Beginning at the line that contains "EVER GREEN 绿伞" and finishing at the line that contains "A feathered therizinosaurus", output the data below exactly. Include both end lines and no pictures.

| Listed entries |
- Opening Delimiter -
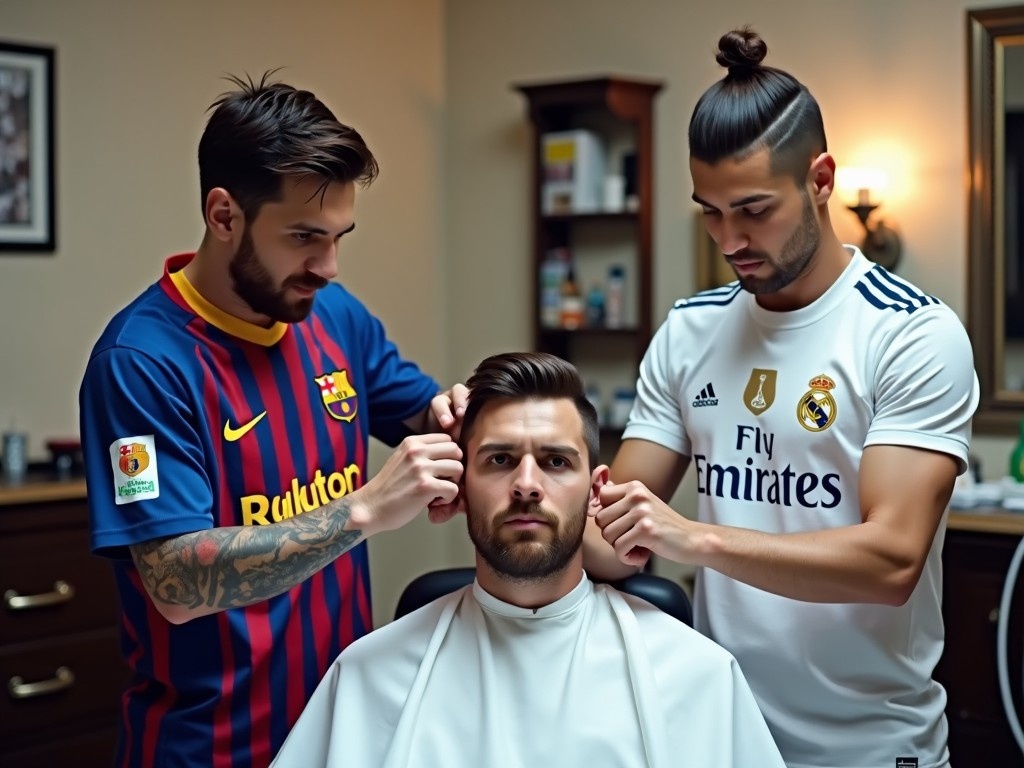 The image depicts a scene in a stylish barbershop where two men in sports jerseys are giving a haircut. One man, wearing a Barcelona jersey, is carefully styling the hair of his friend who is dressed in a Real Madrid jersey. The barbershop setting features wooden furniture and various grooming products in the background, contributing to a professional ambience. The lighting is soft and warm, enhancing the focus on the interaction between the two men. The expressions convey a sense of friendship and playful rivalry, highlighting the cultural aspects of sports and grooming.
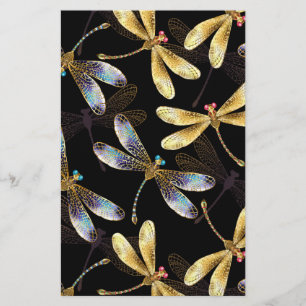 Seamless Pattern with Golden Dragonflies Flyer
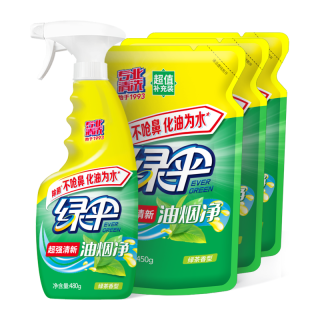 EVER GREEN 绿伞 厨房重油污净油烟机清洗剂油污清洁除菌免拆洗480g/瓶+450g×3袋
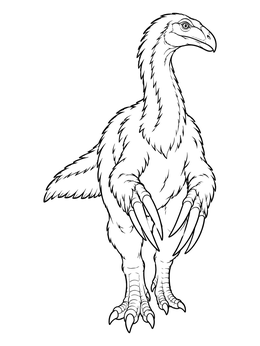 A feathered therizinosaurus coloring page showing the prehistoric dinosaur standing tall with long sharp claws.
- Closing Delimiter -
- Opening Delimiter -
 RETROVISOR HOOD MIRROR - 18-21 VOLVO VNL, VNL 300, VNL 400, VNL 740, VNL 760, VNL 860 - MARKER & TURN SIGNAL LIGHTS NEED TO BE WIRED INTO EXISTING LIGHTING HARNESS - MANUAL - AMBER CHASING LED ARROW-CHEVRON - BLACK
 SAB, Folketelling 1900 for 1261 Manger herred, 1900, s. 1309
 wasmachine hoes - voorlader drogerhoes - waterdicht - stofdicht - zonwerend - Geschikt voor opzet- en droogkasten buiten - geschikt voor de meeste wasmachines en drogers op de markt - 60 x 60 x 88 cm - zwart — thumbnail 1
- Closing Delimiter -
- Opening Delimiter -
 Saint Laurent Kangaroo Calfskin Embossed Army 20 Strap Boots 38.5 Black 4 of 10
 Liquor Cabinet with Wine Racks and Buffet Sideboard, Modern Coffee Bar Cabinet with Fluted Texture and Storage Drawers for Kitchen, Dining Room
- Closing Delimiter -
| Result of the task |
 EVER GREEN 绿伞 厨房重油污净油烟机清洗剂油污清洁除菌免拆洗480g/瓶+450g×3袋
 A feathered therizinosaurus coloring page showing the prehistoric dinosaur standing tall with long sharp claws.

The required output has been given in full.